Data to examine Start Marker
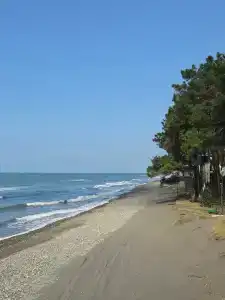 Mana-Mana - 4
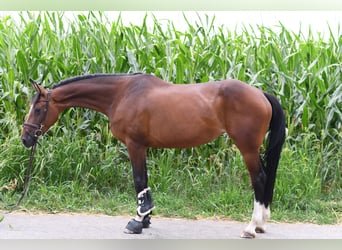 Koń holsztyński, Klacz, 6 lat, 165 cm, Gniada
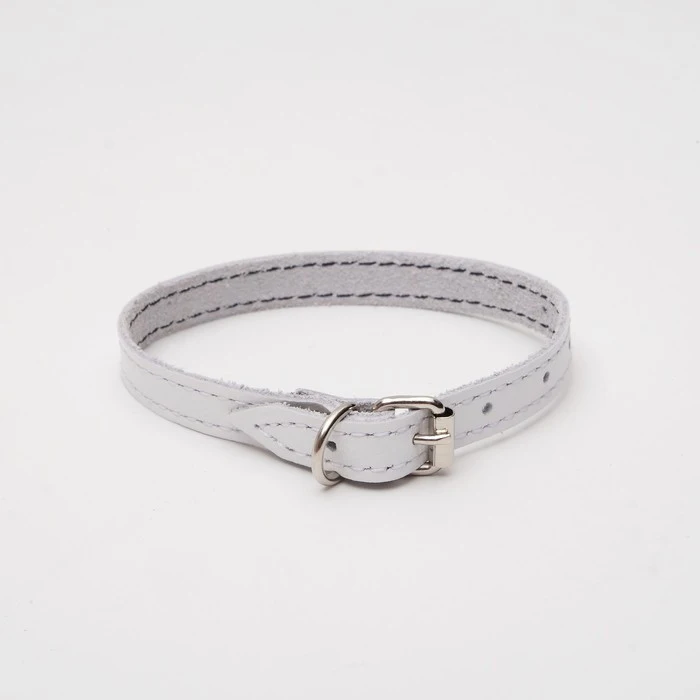 Single-layer leather collar 25 x 1.2 cm white 1173190 goods for animals Collars Harnesses Leads Dog Supplies Pet Products Home Garden | Дом и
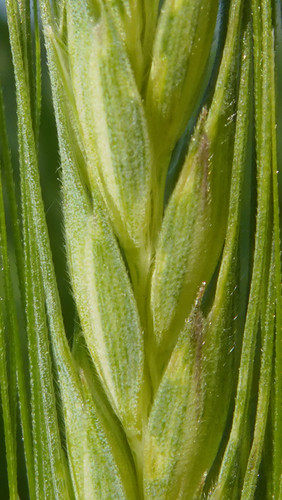 Crops; Publicdomain; Cc0; Freeimage;.jpg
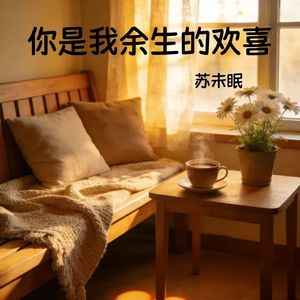 你是我余生的欢喜-苏见晴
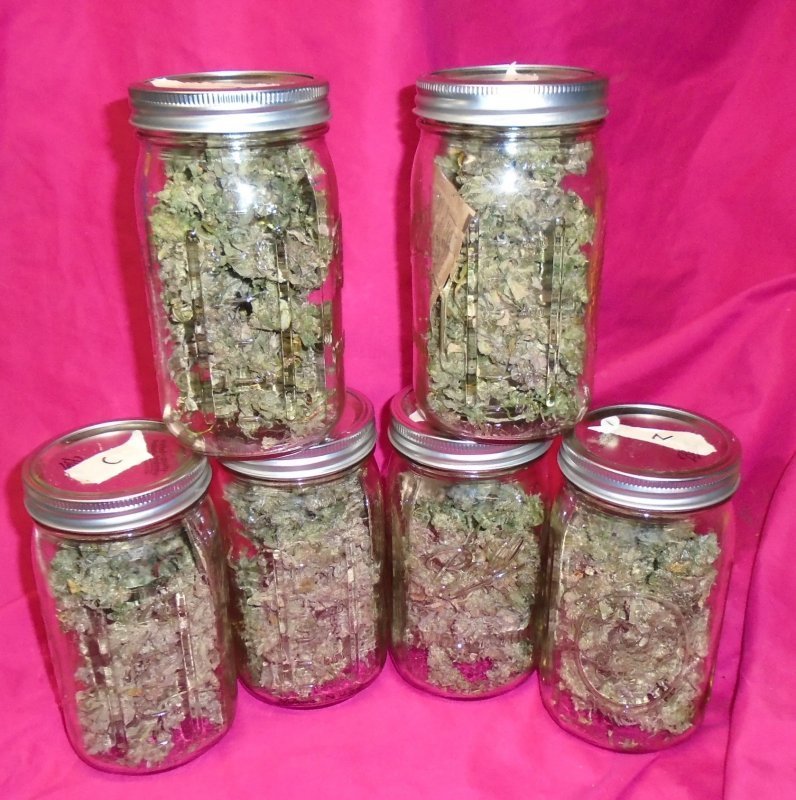 FastBuds - LSD-25 (auto/fem.)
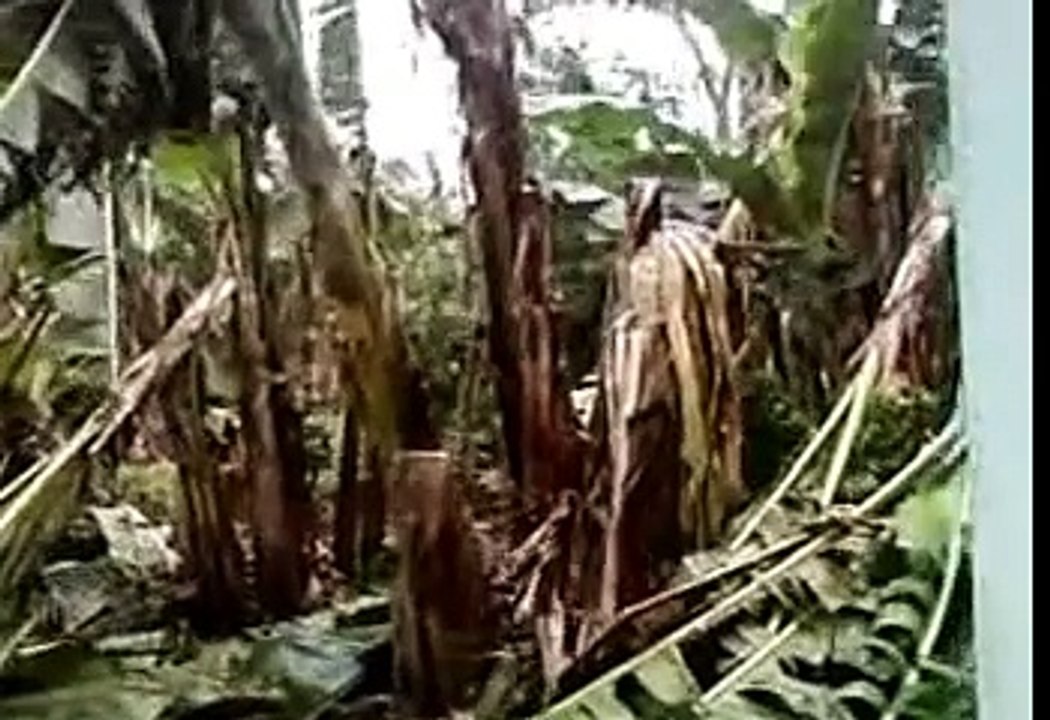 Cơn bão kinh hoàng.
Data to examine End Marker
_Exercise objective_: The data above should be repeated in full and exactly, with no pictures carried over.

_Exercise output_:
 Mana-Mana - 4
 Koń holsztyński, Klacz, 6 lat, 165 cm, Gniada
 Single-layer leather collar 25 x 1.2 cm white 1173190 goods for animals Collars Harnesses Leads Dog Supplies Pet Products Home Garden | Дом и
 Crops; Publicdomain; Cc0; Freeimage;.jpg
 你是我余生的欢喜-苏见晴
 FastBuds - LSD-25 (auto/fem.)
 Cơn bão kinh hoàng.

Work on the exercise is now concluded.